As for how disabling blit engine flush fixes the problem - the access violation has no writes just unprotect and proceed. Its much much faster because of this so the thread will keep running. I can write a simple test case to prove what is the cause of the situation. Just add a busy loop or sleep when flushing a blit engine resource, after unprotect but before violation handler returns.
As for synchronizing between gpu and cpu sections, thats what the access violation handler is for! Disabling flush disables this synchronization.

Since all we get rsx-side is the hardware view of the application, there isn't much you can control for. There is no context to any actions the game is doing, just random commands telling the hardware units to do stuff.

kd-11 commented 6 years ago

Ran a few tests and got interesting results.
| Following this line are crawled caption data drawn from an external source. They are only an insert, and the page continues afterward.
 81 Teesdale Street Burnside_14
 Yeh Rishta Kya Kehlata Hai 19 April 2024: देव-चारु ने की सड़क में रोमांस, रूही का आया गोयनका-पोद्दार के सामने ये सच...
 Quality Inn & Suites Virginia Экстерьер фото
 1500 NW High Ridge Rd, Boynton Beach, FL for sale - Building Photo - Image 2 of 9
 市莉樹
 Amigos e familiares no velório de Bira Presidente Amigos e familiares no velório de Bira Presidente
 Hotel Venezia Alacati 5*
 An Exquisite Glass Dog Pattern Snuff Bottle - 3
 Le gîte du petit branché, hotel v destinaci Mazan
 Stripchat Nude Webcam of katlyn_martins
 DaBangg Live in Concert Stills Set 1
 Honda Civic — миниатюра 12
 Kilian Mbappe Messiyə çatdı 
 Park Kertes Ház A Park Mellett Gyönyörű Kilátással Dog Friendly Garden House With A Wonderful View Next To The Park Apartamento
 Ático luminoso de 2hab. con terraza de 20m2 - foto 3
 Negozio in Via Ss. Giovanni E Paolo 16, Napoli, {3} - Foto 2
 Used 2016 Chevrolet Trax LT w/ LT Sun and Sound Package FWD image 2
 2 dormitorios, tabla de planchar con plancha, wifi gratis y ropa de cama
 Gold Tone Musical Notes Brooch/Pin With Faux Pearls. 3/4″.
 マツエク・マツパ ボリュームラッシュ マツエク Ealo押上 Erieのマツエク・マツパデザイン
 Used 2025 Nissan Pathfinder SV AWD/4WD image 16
Disable the actual flushing (the memcpy, but keep the general flow the same which is still very fast) - all good
Enable flushing but intentionally write trash - broken
Repeat 2 but guard the flush code with a full emulated system pause then resume after memory has been flushed/synchronized - All good despite intentionally writing trash (intentional corruption)
Use your workaround but make the unprotect for blit engine slow if violation is caused by a write - Always hangs on loading screen.

I also checked a few things and discovered the following:

The game uses some allocation algo so memory isnt always used for the same thing every time
The corruption indeed happens because of racing SPU threads reaching the violation handler at different times. Likely some decompression handled in parallel (its a spurs job thread). This game is known for using all available spurs jobs to concurrently operate on one task.
Wrapping flush with a system pause/resume fixes the flaw but its not perfect (I'm using recompilers so they will run ahead and stop 'at a bad time' since a block is executed in its entirety before checking emu status. This shows that its indeed the writeback race condition that causes this.

Unfortunately, other than rewriting the whole virtual memory management, the only way around this is to just 'Force CPU blit emulation' (without WCB). This game does not need it - it blits over compressed textures and the result is rejected later anyway because no current graphics API allows typecasting arbitrary RGBA data into DXT/BC.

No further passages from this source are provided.